_ASSIGNMENT_. I'd like every entry returned exactly as it is, with the images left out.

* * *

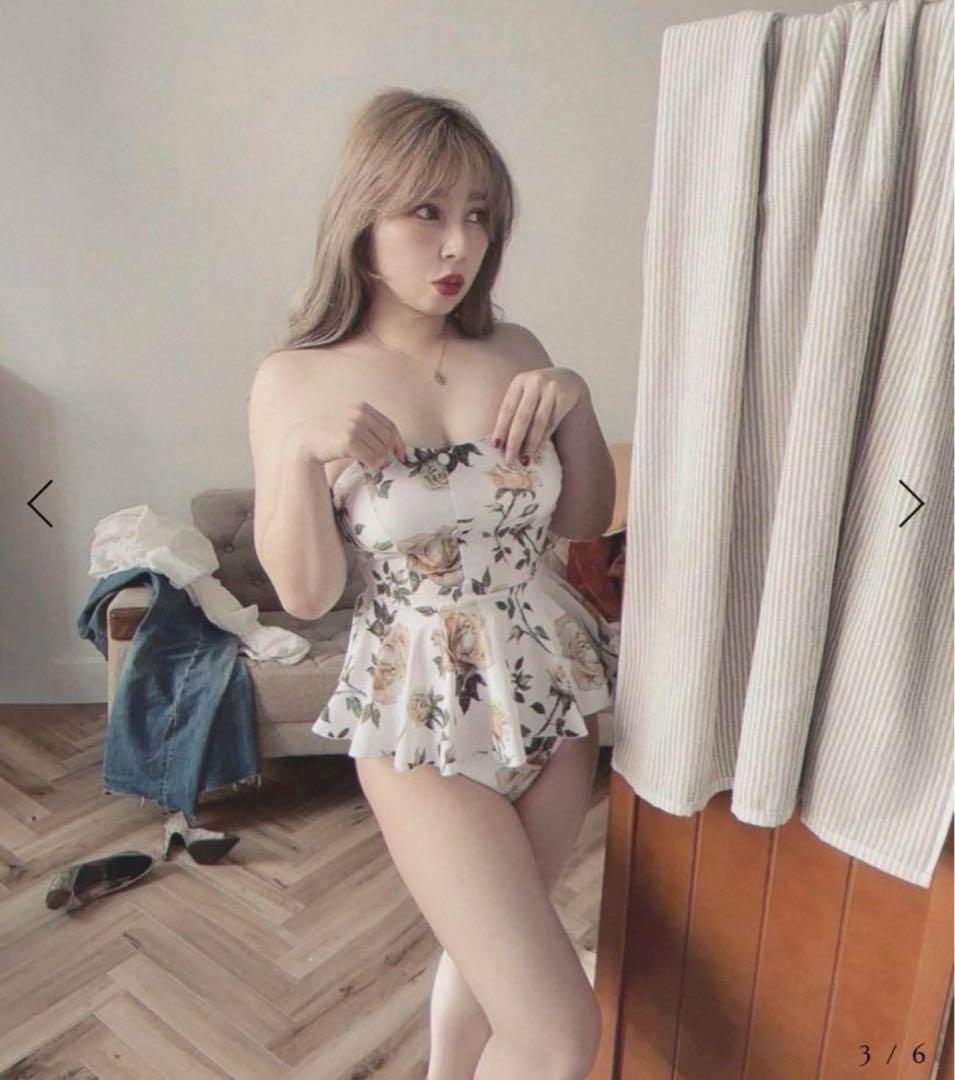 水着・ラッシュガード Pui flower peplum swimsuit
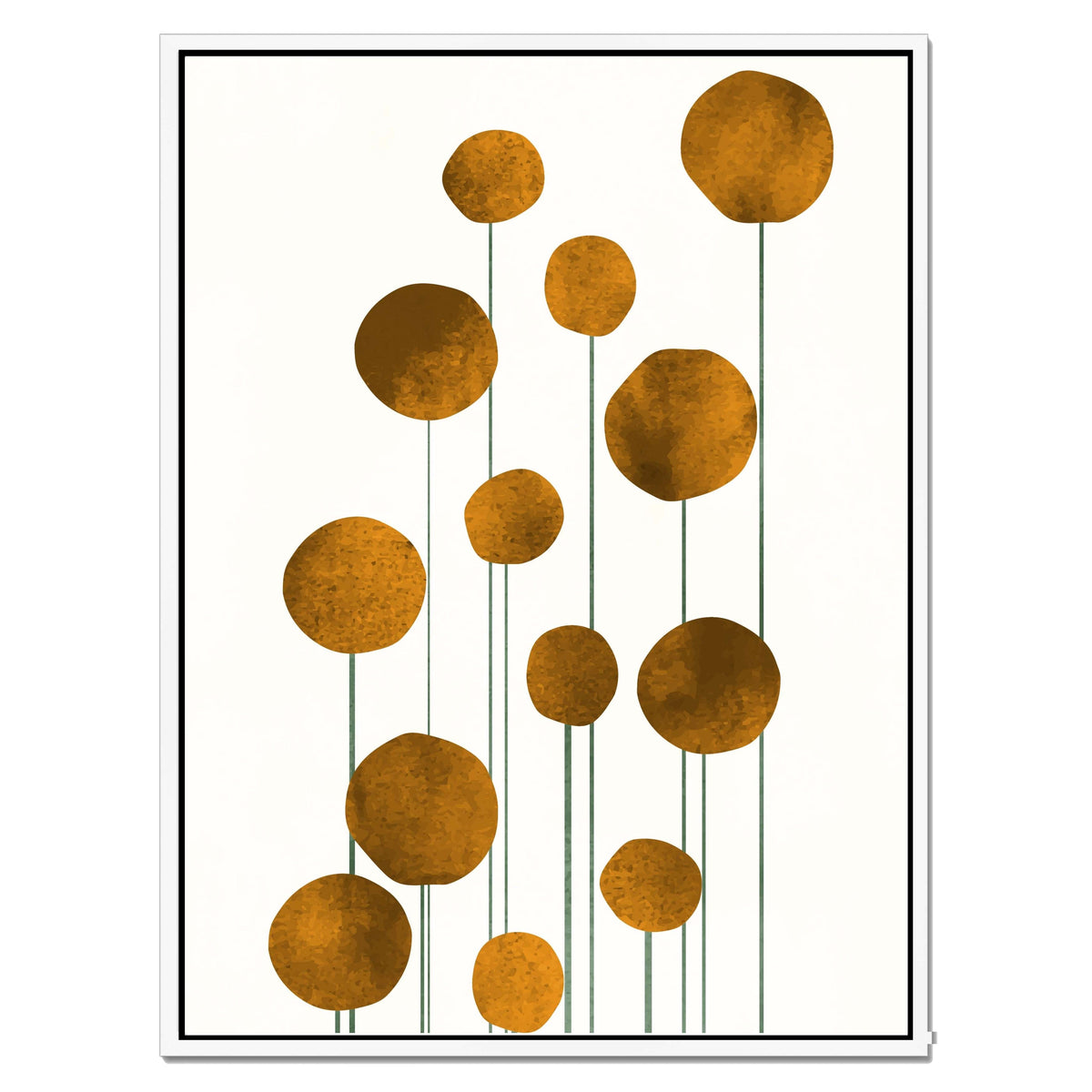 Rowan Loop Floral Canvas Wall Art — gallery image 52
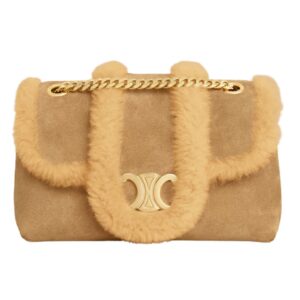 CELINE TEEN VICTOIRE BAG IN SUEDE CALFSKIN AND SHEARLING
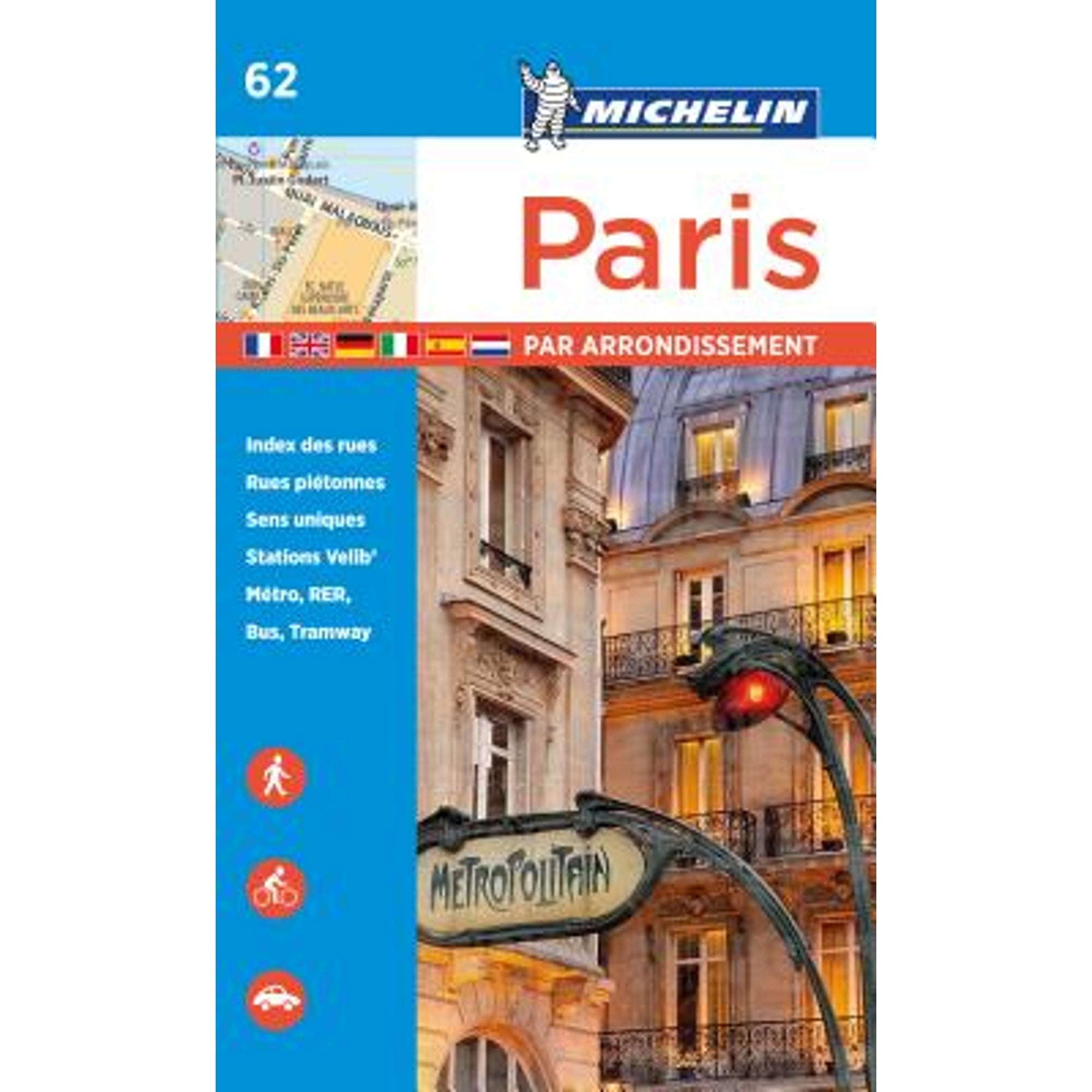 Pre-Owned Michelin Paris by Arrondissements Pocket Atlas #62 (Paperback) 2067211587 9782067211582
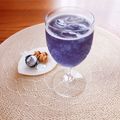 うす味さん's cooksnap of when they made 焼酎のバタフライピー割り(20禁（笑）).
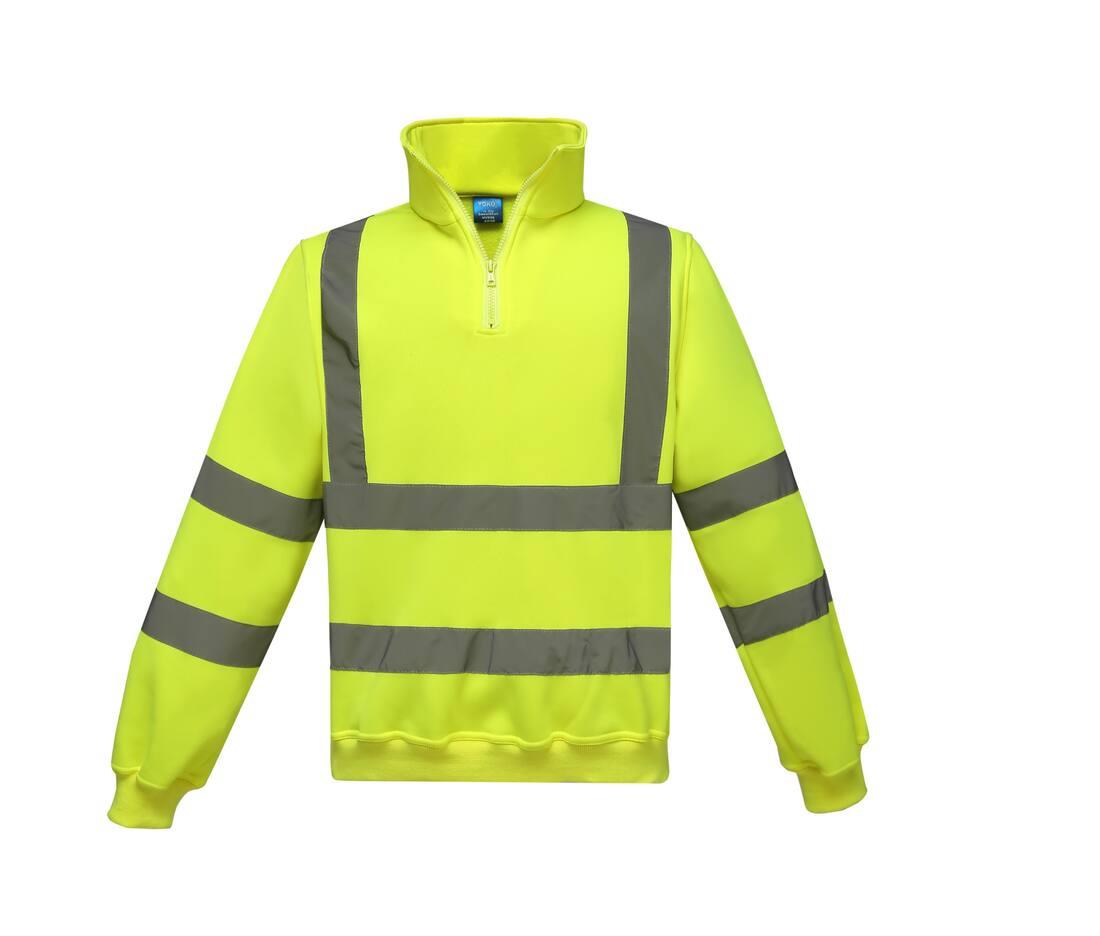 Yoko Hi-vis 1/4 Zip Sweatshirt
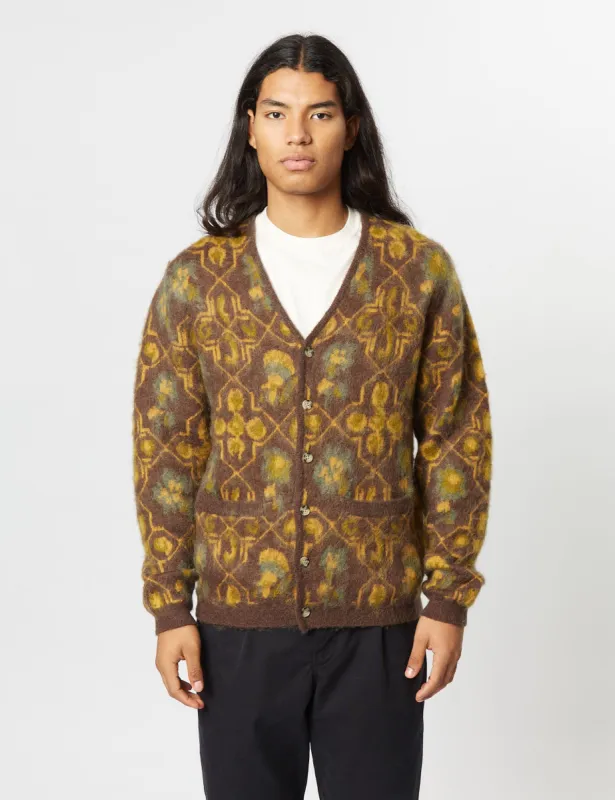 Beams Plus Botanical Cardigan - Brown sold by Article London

* * *

_SOLUTION_.
 水着・ラッシュガード Pui flower peplum swimsuit
 Rowan Loop Floral Canvas Wall Art — gallery image 52
 CELINE TEEN VICTOIRE BAG IN SUEDE CALFSKIN AND SHEARLING
 Pre-Owned Michelin Paris by Arrondissements Pocket Atlas #62 (Paperback) 2067211587 9782067211582
 うす味さん's cooksnap of when they made 焼酎のバタフライピー割り(20禁（笑）).
 Yoko Hi-vis 1/4 Zip Sweatshirt
 Beams Plus Botanical Cardigan - Brown sold by Article London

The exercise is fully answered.